Turkish party suspends plans to amend constitution

Other News Materials 20 May 2008 12:38 (UTC +04:00)

A package of amendments was one of the options under consideration in the Justice and Development Party (AK Party) after the court accepted a case by the Court of Appeals chief prosecutor, who seeks the closure of the party, reported World Bulletin.

The case is part of a continuing battle between political and economic reformers and hardline secularists who say the AK Party violates the secular principles of the Turkish Republic.

Babacan, speaking on the sidelines of a World Economic Forum meeting in Egypt, said the AK Party would implement whatever verdict the Constitutional Court reaches, out of respect for the judiciary and the principle of separate powers.

He added: "We were thinking about making some constitutional amendments, like a medium-sized package so to speak, to introduce new aspects of freedoms ... But we have actually paused that work.

"Turkey will need a comprehensive constitutional reform at one point anyway and while this court case continues right now, my prime minister (Tayyip Erdogan) is reluctant to do things or take steps which would possibly bring new aspects of tension."

Babacan added: "But that is as of today and we will have to watch the process.
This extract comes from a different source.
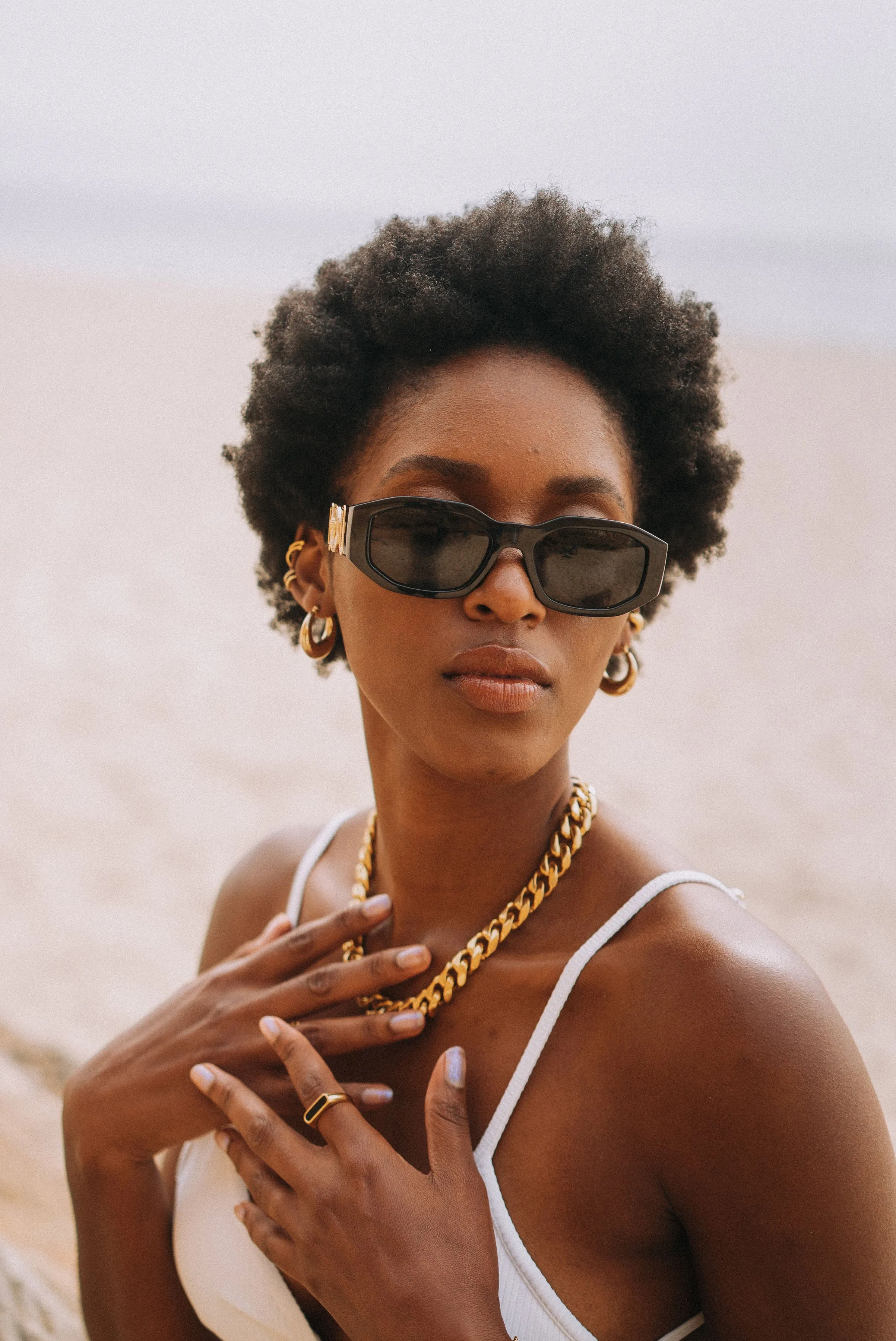 BERRI HOOP EARRINGS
It is going to be important weeks, months ahead of us."

Senior AK Party members have told Reuters that the party has begun to expect the court to close the party down in the next few months and ban Erdogan from politics, and is now searching for a way to hold onto power.
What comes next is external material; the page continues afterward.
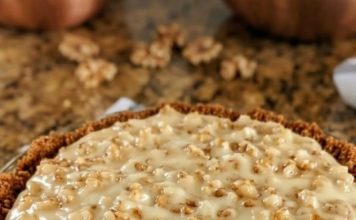 Walnut Cream Pie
The prosecutor wants 71 AK Party members banned, including President Abdullah Gul.

Babacan declined to predict what the court would decide but he took heart from what he said was an open debate in Turkey.

"We are confident that wisdom and rationality will win. That is what we expect," he added.

He said the AK Party's opponents were trying to impose their own mistaken idea of Kemalism -- the secular ideology introduced by Mustafa Kemal Ataturk, the founder of modern Turkey.

"I would distance myself when someone says 'Kemalism said this or that.' I would ask what exactly he means by Kemalism and then we will be able to judge," he added..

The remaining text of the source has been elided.